Bug 116458

Summary: Non-ASCII strings in Media Library: lowercase/uppercase conversion not working
Product: [Applications] amarok Reporter: Thomas Herzog <thomas.herzog>
Component: generalAssignee: Amarok Developers <amarok-bugs-dist>
Status: RESOLVED INTENTIONAL    
Severity: normal CC: jiha.kde.bugzilla, stanley_87
Priority: NOR    
Version: 1.3.6   
Target Milestone: ---   
Platform: unspecified   
OS: Linux   
Latest Commit: Version Fixed In:
Sentry Crash Report:

Description Thomas Herzog 2005-11-16 00:24:24 UTC
Version:           1.3.6 (using KDE KDE 3.5.0)
Installed from:    Unlisted Binary Package

Hi,

I am currently using amaroK 1.3.6 "Guru's binaries" on SuSE 10 with KDE 3.5 RC1.

Having amaroK configured with mySQL, it will NOT filter Non-Ascii characters correctly.

For example:

If I enter "die ärzte" in Media Library searchbar, it will NOT show the group "Die Ärzte".

I can reduce this to the fact that seemingly amaroK does NOT do correct uppercase/lowercase conversion for Non-ASCII characters.

This can be regarded as a severe bug, as this issues affects users all around the world.
Comment 1 Roland Wolters 2005-11-17 16:42:10 UTC
Can confirm this here: Amarok should realize that these two letters are just uppercase and lowercase, but it treats them as if they were different letters.

System:
Suse Linux 10.0, KDE 3.5rc1
Comment 2 Thiago Macieira 2005-11-17 16:57:13 UTC
In other words, amaroK should use QString::localeAwareCompare.
Comment 3 Thomas Herzog 2005-11-17 17:29:20 UTC
Na, not so sure, if this string goes directly in a DB query, it could also be the DB's fault...which could maybe circumvented "somehow"..
Comment 4 Thiago Macieira 2005-11-17 17:41:02 UTC
Right, you have to tell the DB which encoding to use.

MySQL has a lot of combinations of encoding and sorting possibilities.
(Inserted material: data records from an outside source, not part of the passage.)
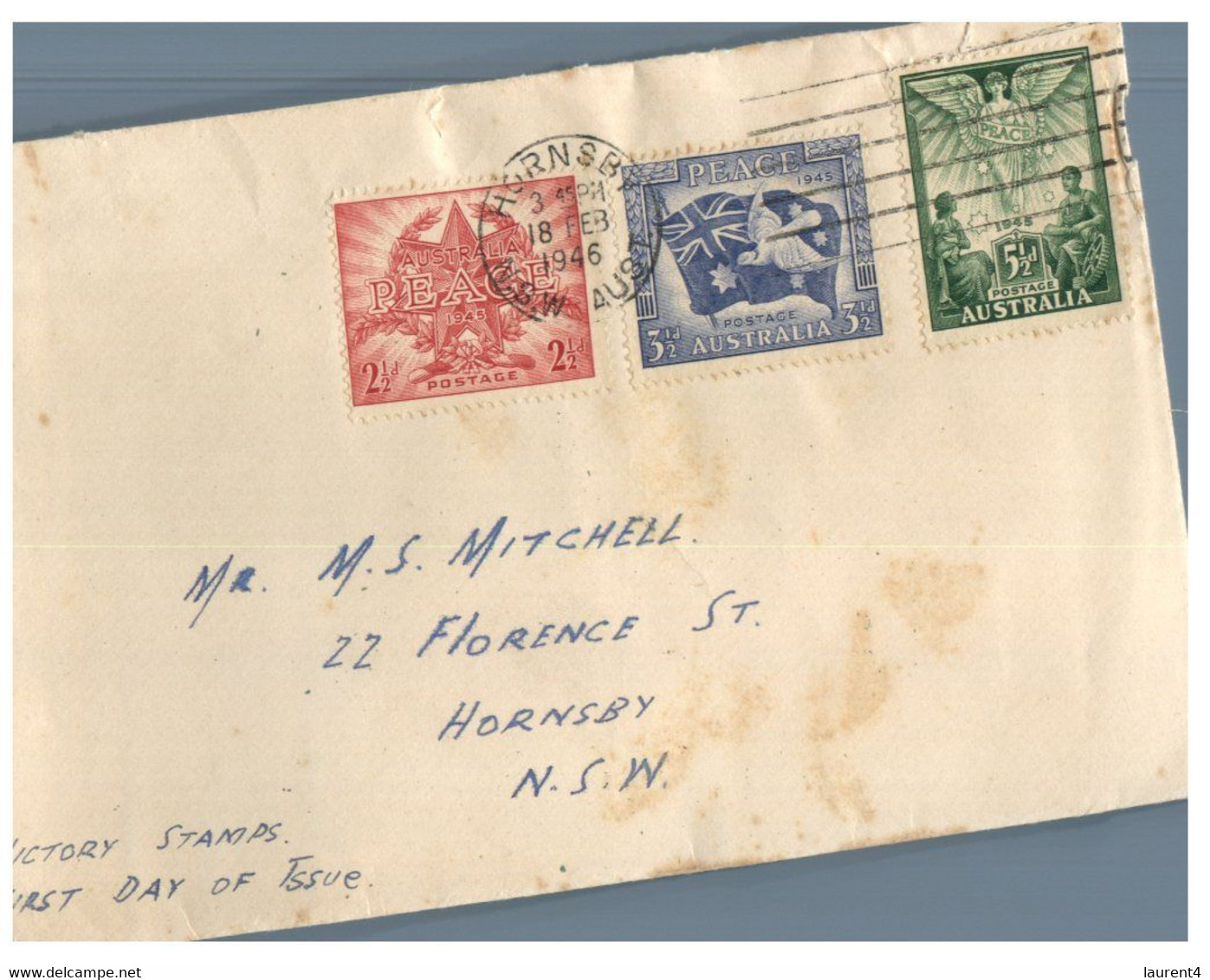 (NN 25) Australia FDC Cover - Peace In Pacific - 1946 - Otros & Sin Clasificación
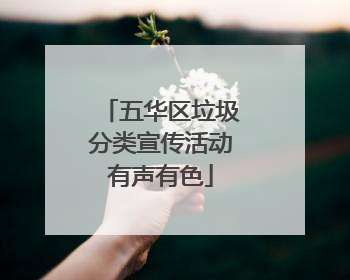 五华区垃圾分类宣传活动有声有色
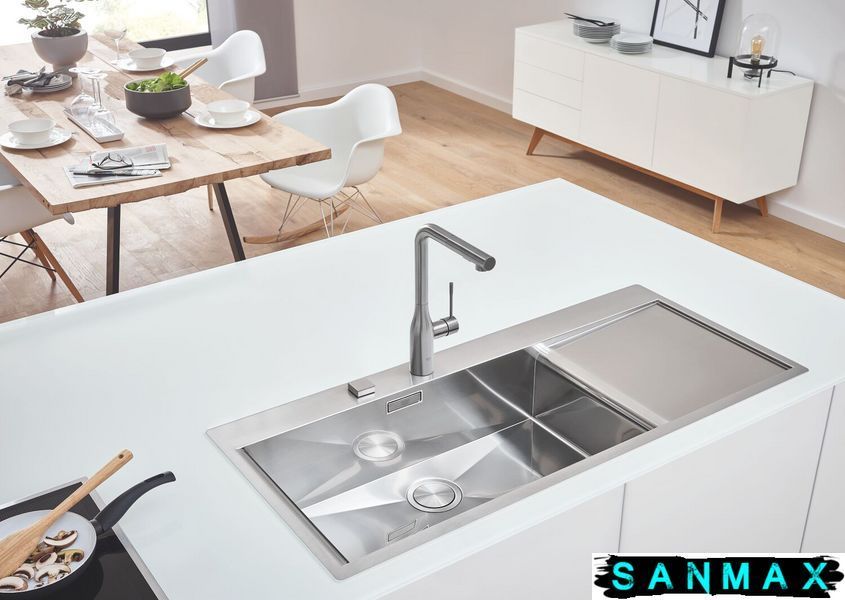 Мийка кухонна Grohe EX Sink K1000 (подвійне крило зліва) (31581SD0) 31581SD0 фото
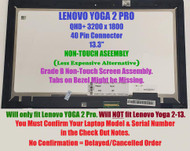 New Lenovo Yoga 2 Pro 20266 Assembly Non Touch LCD Screen LED for Laptop 13.3"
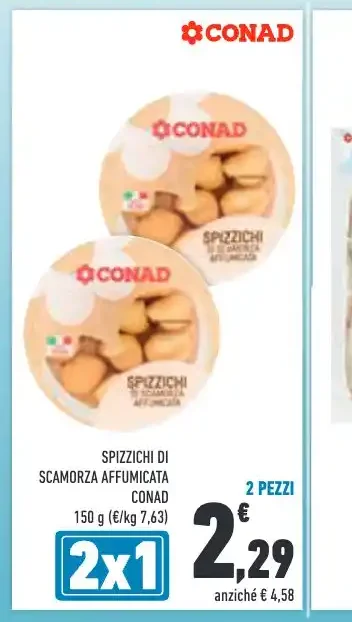 Spizzichi di scamorza affumicata Conad 150 g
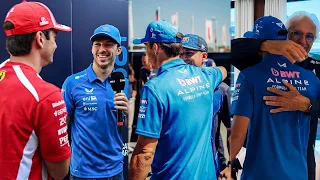 Charles Leclerc Hadjar Congratulate Pierre Gasly after gets back P3 in MonacoGP 2026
What is your DB configured to?

I don't remember if the setting can be done per database or table.
Comment 5 Thomas Herzog 2005-11-17 22:05:17 UTC
OK, seems like I found it:

A collation can be defined to be used in SELECT statements:

http://dev.mysql.com/doc/refman/4.1/en/case-sensitivity.html

It seems, that amaroK should make the collation configurable which should be used when querying MySQL.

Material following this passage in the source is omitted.